── Exercise inputs

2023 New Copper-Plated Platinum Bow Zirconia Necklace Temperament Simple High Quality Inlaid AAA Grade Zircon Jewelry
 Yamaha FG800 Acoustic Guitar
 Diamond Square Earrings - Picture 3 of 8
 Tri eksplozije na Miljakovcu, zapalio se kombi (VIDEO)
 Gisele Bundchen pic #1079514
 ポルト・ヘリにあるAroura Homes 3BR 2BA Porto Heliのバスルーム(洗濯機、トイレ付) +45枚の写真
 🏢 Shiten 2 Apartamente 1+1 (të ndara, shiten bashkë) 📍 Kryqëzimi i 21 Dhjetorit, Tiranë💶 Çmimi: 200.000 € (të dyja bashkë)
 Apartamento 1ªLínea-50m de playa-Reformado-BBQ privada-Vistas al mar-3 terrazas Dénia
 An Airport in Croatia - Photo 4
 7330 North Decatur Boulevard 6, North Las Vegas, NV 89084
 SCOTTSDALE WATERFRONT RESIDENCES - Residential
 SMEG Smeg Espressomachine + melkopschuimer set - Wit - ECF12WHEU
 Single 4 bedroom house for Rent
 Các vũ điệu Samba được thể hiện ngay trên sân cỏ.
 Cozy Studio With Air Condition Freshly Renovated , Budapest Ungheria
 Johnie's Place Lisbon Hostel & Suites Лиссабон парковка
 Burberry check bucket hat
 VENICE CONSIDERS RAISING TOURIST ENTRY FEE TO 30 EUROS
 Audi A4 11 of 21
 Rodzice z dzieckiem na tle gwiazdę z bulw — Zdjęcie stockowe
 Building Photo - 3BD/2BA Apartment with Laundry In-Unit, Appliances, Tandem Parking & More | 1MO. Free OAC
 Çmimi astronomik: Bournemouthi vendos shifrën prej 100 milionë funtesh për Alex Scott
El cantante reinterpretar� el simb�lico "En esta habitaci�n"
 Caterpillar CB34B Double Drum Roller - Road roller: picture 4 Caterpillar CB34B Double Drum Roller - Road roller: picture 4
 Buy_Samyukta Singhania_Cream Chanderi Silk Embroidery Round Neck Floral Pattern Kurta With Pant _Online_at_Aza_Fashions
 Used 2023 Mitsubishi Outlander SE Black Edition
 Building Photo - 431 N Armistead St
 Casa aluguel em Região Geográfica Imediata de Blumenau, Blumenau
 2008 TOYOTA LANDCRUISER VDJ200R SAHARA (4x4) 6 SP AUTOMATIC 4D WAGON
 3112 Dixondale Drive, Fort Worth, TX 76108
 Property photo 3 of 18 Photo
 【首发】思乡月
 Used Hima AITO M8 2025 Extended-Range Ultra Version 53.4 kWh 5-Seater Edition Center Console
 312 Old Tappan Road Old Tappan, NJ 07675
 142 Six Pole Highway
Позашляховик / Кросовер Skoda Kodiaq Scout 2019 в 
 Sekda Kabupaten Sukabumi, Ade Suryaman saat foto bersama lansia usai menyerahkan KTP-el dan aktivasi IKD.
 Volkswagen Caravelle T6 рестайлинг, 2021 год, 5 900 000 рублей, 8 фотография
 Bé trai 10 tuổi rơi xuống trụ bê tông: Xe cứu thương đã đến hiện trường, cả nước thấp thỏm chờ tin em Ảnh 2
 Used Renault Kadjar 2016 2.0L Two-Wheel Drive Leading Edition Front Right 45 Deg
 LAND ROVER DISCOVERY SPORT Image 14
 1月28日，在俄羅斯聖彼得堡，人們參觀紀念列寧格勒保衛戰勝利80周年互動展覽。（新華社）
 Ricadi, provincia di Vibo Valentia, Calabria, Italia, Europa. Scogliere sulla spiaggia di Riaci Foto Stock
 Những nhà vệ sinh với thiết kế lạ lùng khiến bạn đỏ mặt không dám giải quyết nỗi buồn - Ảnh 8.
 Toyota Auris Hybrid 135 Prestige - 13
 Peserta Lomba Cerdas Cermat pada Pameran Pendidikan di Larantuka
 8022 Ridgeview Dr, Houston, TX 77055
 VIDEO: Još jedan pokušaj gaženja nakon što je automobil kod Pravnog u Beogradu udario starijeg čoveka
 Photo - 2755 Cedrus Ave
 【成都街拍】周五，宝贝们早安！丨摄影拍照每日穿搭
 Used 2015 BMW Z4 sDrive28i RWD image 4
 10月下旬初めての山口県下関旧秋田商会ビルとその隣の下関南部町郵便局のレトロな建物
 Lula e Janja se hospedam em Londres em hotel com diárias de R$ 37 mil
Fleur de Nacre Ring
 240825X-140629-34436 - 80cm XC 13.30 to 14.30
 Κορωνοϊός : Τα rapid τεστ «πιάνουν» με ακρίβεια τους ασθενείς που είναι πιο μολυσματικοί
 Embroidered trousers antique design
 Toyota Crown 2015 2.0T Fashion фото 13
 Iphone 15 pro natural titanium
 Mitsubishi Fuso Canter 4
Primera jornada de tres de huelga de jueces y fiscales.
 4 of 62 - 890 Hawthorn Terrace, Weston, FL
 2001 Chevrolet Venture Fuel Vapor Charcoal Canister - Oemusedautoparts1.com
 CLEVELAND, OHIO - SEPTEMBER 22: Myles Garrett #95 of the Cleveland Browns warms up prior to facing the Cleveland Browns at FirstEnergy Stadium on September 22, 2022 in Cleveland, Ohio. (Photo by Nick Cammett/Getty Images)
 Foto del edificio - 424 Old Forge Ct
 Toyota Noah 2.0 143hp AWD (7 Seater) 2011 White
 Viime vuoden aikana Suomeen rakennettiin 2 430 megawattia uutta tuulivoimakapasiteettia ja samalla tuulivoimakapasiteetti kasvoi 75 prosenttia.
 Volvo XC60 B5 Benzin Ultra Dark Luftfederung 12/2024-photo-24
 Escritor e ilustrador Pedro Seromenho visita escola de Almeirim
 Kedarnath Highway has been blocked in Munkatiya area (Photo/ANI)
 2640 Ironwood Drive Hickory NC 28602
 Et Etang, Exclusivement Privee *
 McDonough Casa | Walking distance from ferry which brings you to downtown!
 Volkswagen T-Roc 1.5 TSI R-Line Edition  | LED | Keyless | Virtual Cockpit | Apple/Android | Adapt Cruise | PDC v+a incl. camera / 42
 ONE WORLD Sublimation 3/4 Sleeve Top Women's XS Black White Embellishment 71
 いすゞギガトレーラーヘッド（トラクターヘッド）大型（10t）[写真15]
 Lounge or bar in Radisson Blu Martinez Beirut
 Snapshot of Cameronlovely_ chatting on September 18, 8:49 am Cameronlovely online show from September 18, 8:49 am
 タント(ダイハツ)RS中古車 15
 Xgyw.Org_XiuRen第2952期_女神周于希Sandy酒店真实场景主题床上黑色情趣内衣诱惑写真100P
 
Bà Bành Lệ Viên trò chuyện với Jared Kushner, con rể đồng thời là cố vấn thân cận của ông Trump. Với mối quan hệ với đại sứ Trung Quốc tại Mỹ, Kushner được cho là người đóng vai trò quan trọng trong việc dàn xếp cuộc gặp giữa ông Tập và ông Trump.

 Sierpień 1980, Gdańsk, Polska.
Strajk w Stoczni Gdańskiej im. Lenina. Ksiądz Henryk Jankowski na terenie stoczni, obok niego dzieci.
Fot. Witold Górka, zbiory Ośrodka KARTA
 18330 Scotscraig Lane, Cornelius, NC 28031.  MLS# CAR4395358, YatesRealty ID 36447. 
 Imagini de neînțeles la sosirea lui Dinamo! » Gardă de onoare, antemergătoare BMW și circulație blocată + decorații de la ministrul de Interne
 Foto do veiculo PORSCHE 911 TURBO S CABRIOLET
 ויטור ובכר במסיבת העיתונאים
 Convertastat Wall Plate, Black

────

- What to do -
Select every line of the records holding the string "Road".

- Answer for this exercise -
 Caterpillar CB34B Double Drum Roller - Road roller: picture 4 Caterpillar CB34B Double Drum Roller - Road roller: picture 4
 312 Old Tappan Road Old Tappan, NJ 07675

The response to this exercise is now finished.